I was sitting at my neighborhood bar in September of 1998 when a smallish man with a nice gray mustache and a tweed hat sat down next to me. He looked to be about 60 and seemed pleasant enough, and I remember thinking that he looked like he belonged in an Irish pub instead of in a hipster dive bar in Portland. He was very quiet, but I was going through my divorce from husband #1, so solitude suited me. I said hello and returned to the beer and post-divorce angst that I’d been focusing on.
After a few minutes the gentleman pulled out a sketch pad and started drawing. I didn’t pay much attention to the (now artistic) stranger for a few minutes–it was pretty common to run into all sorts of characters at that place. You might find a street performer sitting next to a lawyer, who came in with a fisherman, who was buying custom-made art print light switch covers from an old hippy. Nothing seemed very odd in that little microcosm.

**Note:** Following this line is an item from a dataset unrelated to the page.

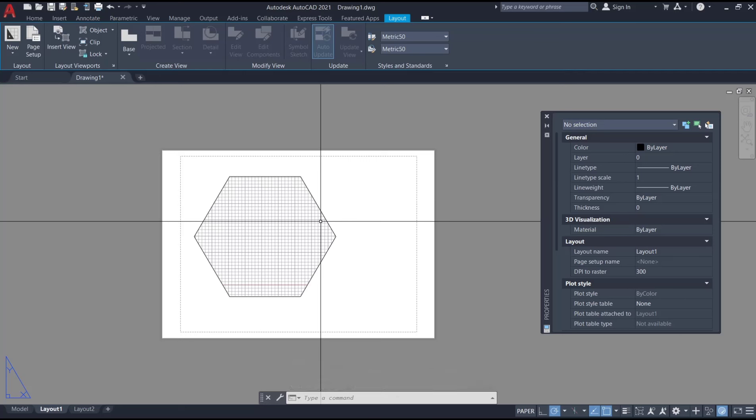Okay, that's it for basic AutoCAD tutorial: how to draw polygon viewport. If you have any questions about the tutorial, you can comment below this video.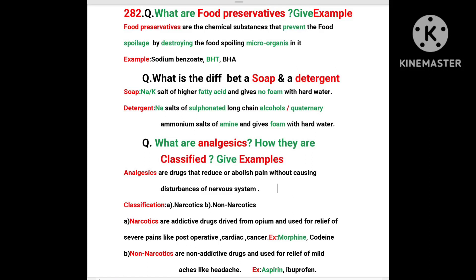Welcome to Chemistry Shortcuts, Video Number 282. What are food preservatives? Give an example. Food preservatives are the chemical substances that prevent food spoilage by destroying the food spoiling microorganisms present in it. Examples: Sodium Benzoate, BHT, BHA.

After another few moments though, I couldn’t help but notice that the fellow was drawing me. I must have shown my surprise in some way, because he noticed me (noticing him), introduced himself as Gus and asked if it was okay to sketch me.

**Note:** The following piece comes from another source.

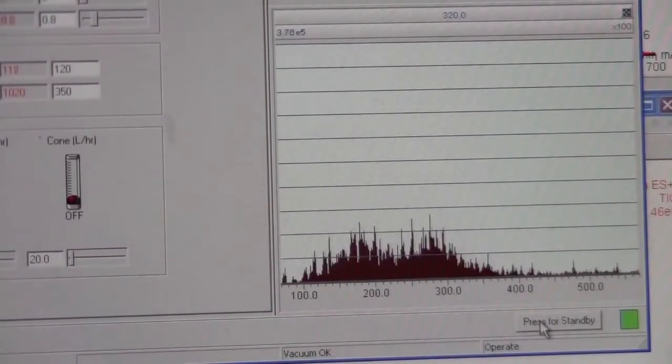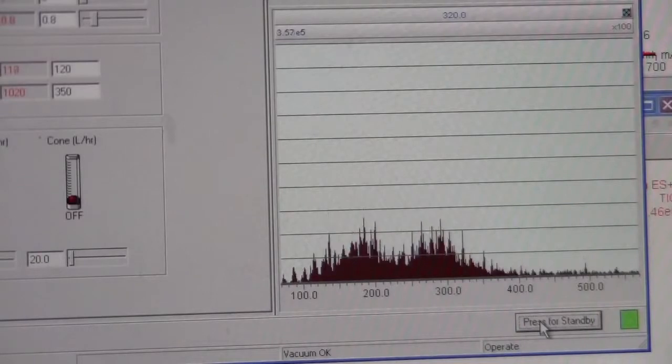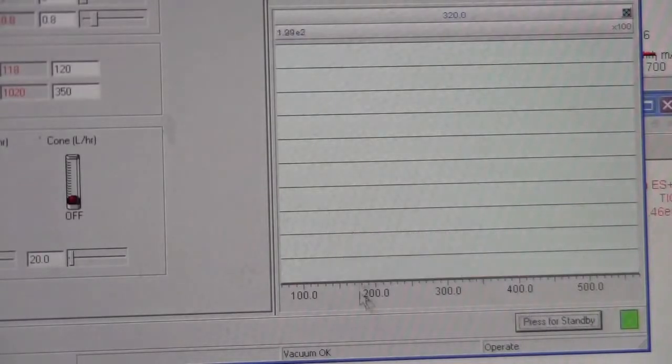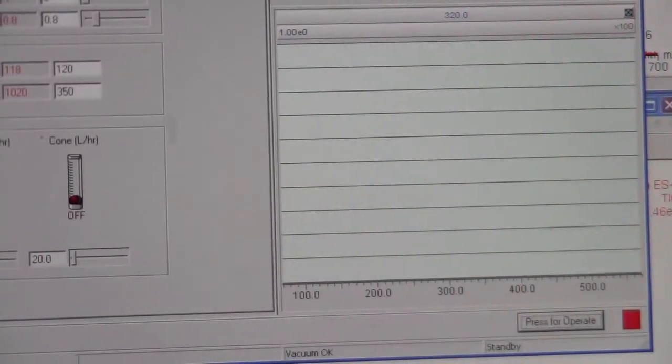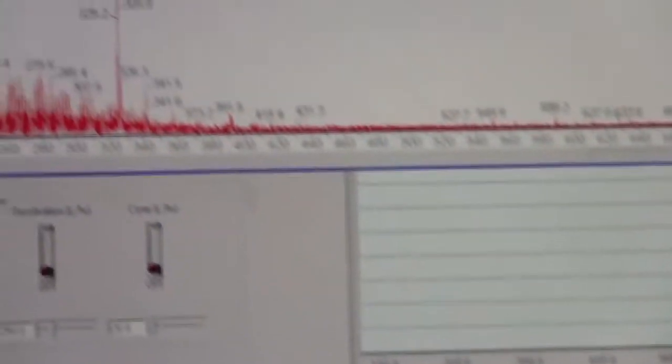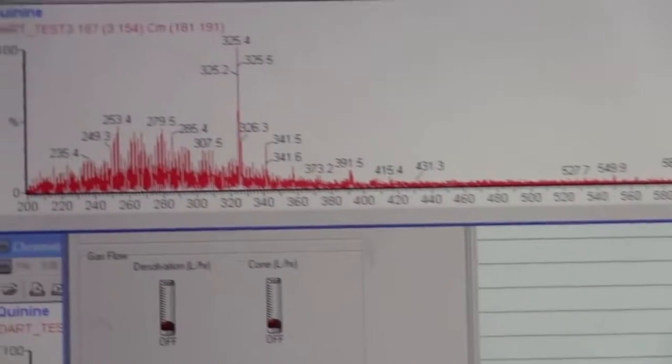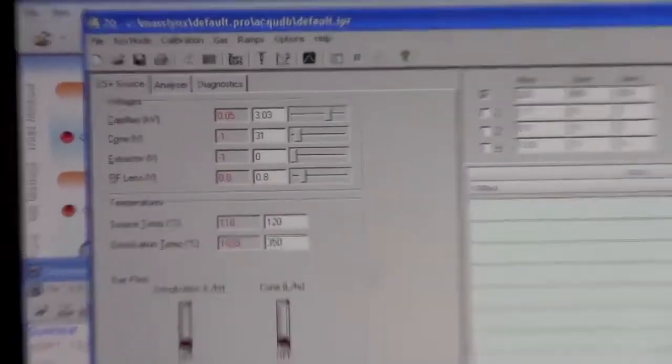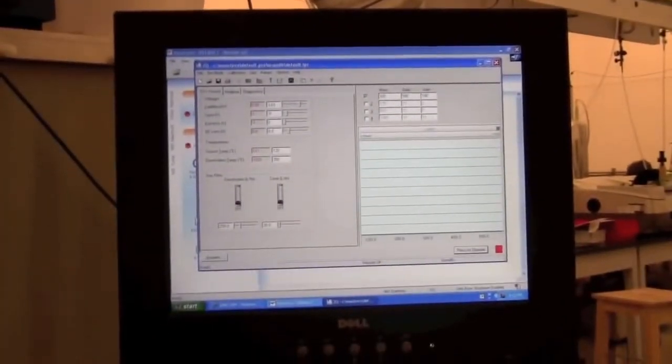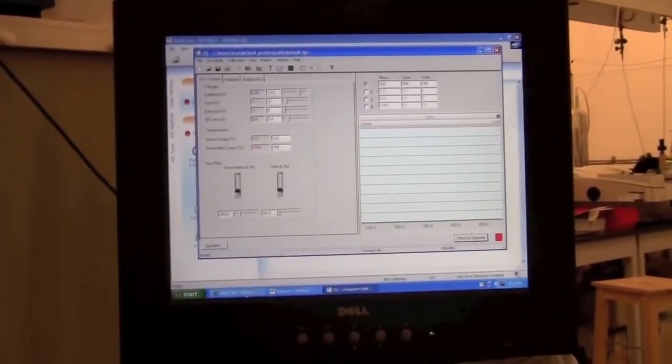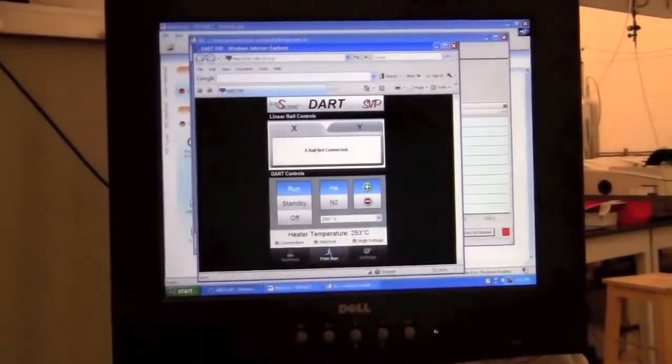If you want, you can put it on standby. It's not necessary, but it's a good idea. You can close the spectrum and the chromatogram pages. And then you can go back to the DART source.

“Sure, but I don’t photograph well, so not sure if that applies to being drawn,” I laughed.
“Oh, don’t worry about that. It’s just a sketch. You have a nice face.”
I figured that I didn’t ask him to do my portrait, so I was off the hook if payment was expected. Hell, I thought, he might just be trying to pick me up!

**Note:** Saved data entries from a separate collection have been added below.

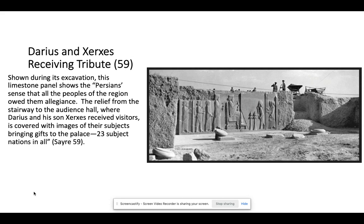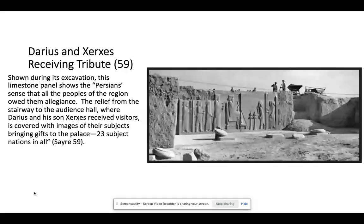Darius and Xerxes also appear in this chapter, and we'll come back to them when we talk about other cultures in coming chapters. The Persians had a sense that all the people in the region owed them allegiance. What you see in this piece is visitors coming in to pay homage to Darius and Xerxes, having to walk past panels showing exactly how powerful these rulers are. Very distinct images with details represent how people are coming from 23 subject nations, telling them both the story of the power and how they should bow down as they bring their gifts to the palace.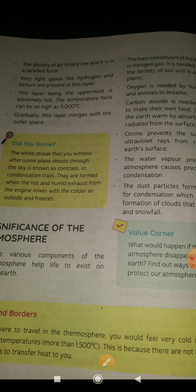So how hot will it be there? It will be 5000 degrees Celsius in temperature. Gradually this layer merges with outer space.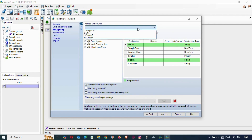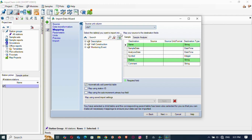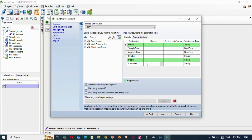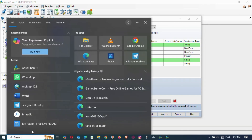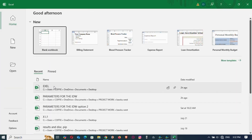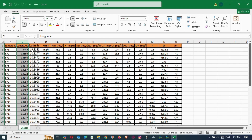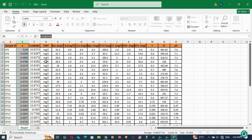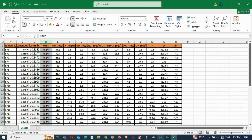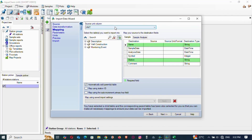Now it asks for the units source. The units are placed in a 'units' column in the Excel file — make sure the Excel file is closed or it won't work. This is the data I'm using; you can see the units are in that column, so I'm choosing 'units' as the source of the unit column.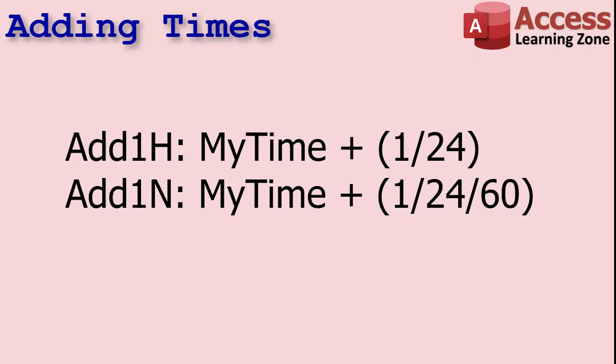Now knowing that the value of one is equal to a day, you can use fractions of a day to calculate hours, minutes, and seconds. For example, if you add 1/24 to a date value it'll give you one hour in the future. 1 over 24 over 60 is one minute. Yeah, let Access do the math. You could figure that calculation out yourself but just let Access do it.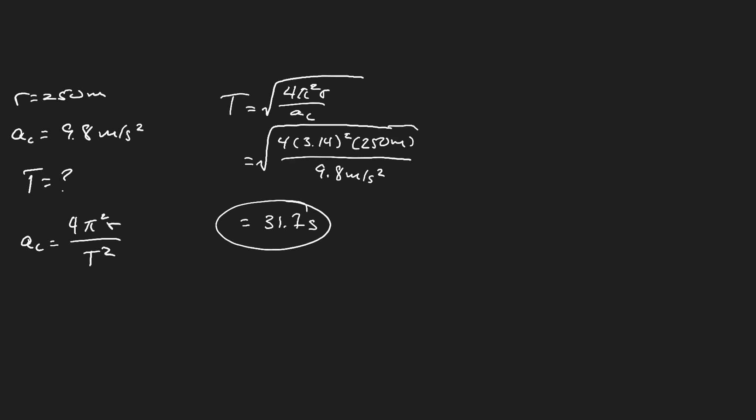We need to unpack this answer a little bit. This means the station rotates once every 31.7 seconds. There are 86,400 seconds per day.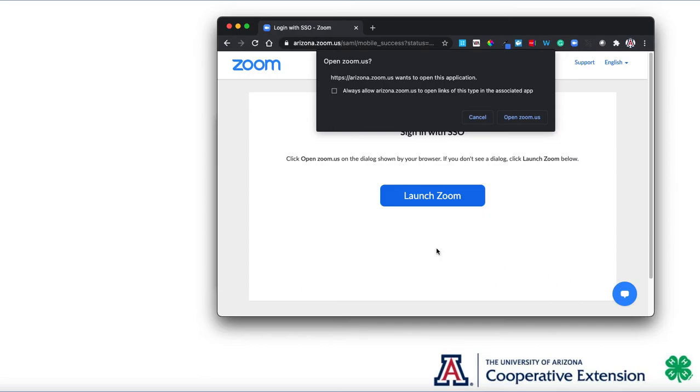Once you're done there, it will bring you to this screen and ask if you want to open Zoom.us. Of course, you'll choose to open Zoom.us.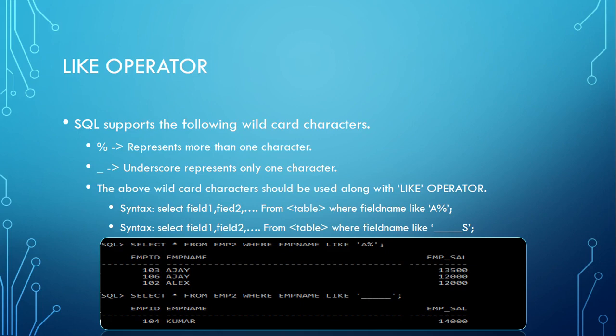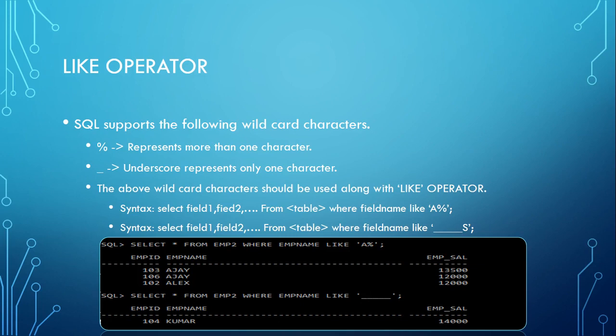Another example where I don't know the first character, I don't know the last character, but I'm sure the name will be of five bytes. So I want to see all the records whose name length is five bytes. Then in that situation you can simply use underscore five times, repeat this underscore five times, then you can retrieve that particular record.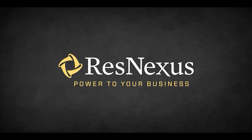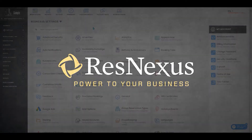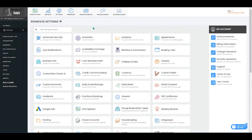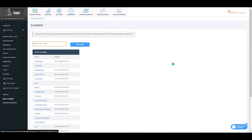Welcome to ResNexus! In this video we're going to cover how to remove a class type. Once you've signed into ResNexus and navigated to your settings page, you'll select the classes button.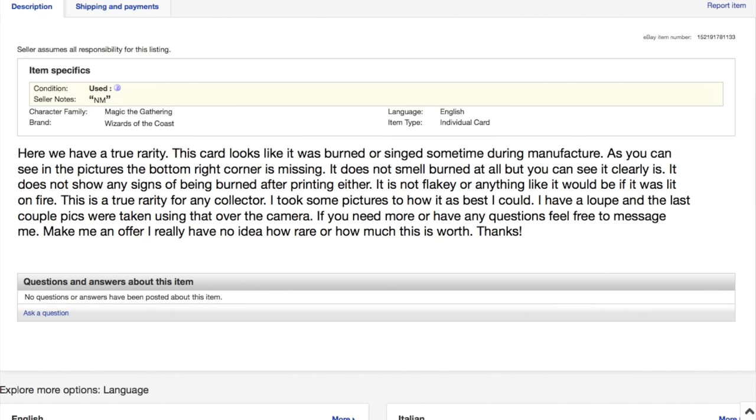Leave me a comment below with what you think happened here. Do you think it's a troll? Do you feel like this person actually is trying to sell the card? Is this actually worth $5,000? Anyway, bye guys.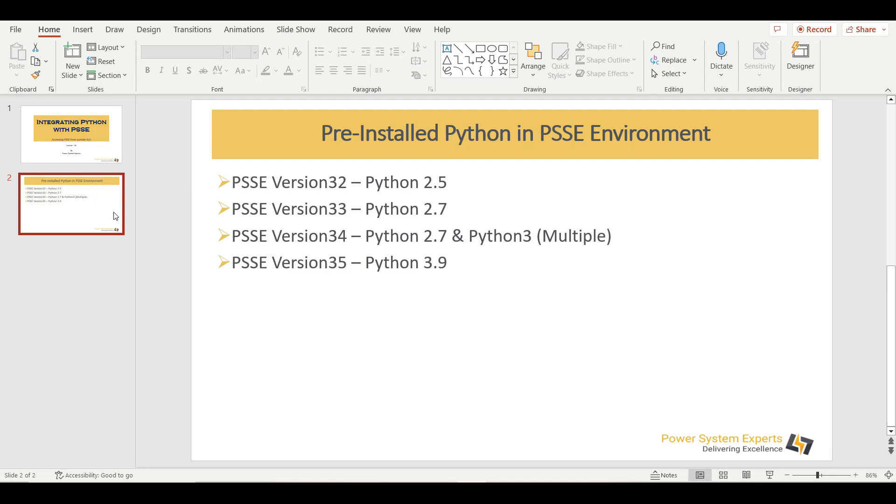Whereas for PSSE version 35, it comes pre-installed with Python 3.9. PSSE version 35 is 64-bit and it comes with 64-bit Python 3.9.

After about 15 minutes he put down his charcoal pencil, smiled, and handed the sketch pad to me. I must admit that I was surprised to see a serene, lovely version of myself looking into nothingness. Was that how I looked to other people? I’m sure that my pleasure at the flattering work he’d done was apparent, and he offered to give me the drawing.
“Really? But don’t I need to pay you?”
“If you like, but I mostly do it for fun,” he replied. “Just give me $10 and we’ll call it good.”
At the time, the $10 was about all I could afford anyway, so I gave him the money, bought him a beer (which he downed in a few gulps), and said goodbye as he left shortly afterwards. I never saw him again.
I forgot I had that drawing until a few months ago, when I found it pressed between the pages of a book stashed in my living room. I looked the artist up and discovered that he died 13 years after he drew this, at the age of 70. I was surprised to learn that when I met him he was only about two years older than I am now. He seemed tired, and I remember thinking that it felt as though he were on some sort of quest. His obituary noted that he could draw anything or anyone…the beauty of his technique was outstanding.
Thank you, Mr. DeBock. The drawing is a bit smudged now, but that moment is clear. I hope you found whatever it was you were looking for.